Problem details: Reproduce each line from the first in the data through the line that contains "Vector night party" exactly; give nothing else.

Records for the exercise:
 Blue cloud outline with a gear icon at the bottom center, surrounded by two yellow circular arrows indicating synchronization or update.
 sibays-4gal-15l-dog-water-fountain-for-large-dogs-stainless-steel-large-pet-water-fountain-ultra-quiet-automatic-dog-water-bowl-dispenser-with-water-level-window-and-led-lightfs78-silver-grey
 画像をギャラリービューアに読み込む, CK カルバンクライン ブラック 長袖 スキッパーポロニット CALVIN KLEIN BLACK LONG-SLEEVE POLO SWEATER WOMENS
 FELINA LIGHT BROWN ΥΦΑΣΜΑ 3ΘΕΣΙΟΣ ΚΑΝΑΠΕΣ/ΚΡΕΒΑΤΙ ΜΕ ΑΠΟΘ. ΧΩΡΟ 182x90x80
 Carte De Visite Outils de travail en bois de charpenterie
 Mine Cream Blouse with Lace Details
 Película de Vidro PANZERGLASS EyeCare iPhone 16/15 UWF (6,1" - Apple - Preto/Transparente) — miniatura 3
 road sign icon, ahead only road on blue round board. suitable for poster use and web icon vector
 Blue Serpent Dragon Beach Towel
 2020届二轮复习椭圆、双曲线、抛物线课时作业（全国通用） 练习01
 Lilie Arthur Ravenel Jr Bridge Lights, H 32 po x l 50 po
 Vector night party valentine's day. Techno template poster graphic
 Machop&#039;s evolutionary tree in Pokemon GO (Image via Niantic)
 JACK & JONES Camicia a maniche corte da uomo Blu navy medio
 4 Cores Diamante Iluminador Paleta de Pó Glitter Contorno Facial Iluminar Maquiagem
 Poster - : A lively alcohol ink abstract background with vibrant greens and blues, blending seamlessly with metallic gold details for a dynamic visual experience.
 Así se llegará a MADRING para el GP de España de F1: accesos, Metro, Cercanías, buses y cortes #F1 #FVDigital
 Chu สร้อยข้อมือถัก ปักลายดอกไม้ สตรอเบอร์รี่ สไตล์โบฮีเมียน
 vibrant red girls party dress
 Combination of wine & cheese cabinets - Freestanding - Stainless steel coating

Response area:
 Blue cloud outline with a gear icon at the bottom center, surrounded by two yellow circular arrows indicating synchronization or update.
 sibays-4gal-15l-dog-water-fountain-for-large-dogs-stainless-steel-large-pet-water-fountain-ultra-quiet-automatic-dog-water-bowl-dispenser-with-water-level-window-and-led-lightfs78-silver-grey
 画像をギャラリービューアに読み込む, CK カルバンクライン ブラック 長袖 スキッパーポロニット CALVIN KLEIN BLACK LONG-SLEEVE POLO SWEATER WOMENS
 FELINA LIGHT BROWN ΥΦΑΣΜΑ 3ΘΕΣΙΟΣ ΚΑΝΑΠΕΣ/ΚΡΕΒΑΤΙ ΜΕ ΑΠΟΘ. ΧΩΡΟ 182x90x80
 Carte De Visite Outils de travail en bois de charpenterie
 Mine Cream Blouse with Lace Details
 Película de Vidro PANZERGLASS EyeCare iPhone 16/15 UWF (6,1" - Apple - Preto/Transparente) — miniatura 3
 road sign icon, ahead only road on blue round board. suitable for poster use and web icon vector
 Blue Serpent Dragon Beach Towel
 2020届二轮复习椭圆、双曲线、抛物线课时作业（全国通用） 练习01
 Lilie Arthur Ravenel Jr Bridge Lights, H 32 po x l 50 po
 Vector night party valentine's day. Techno template poster graphic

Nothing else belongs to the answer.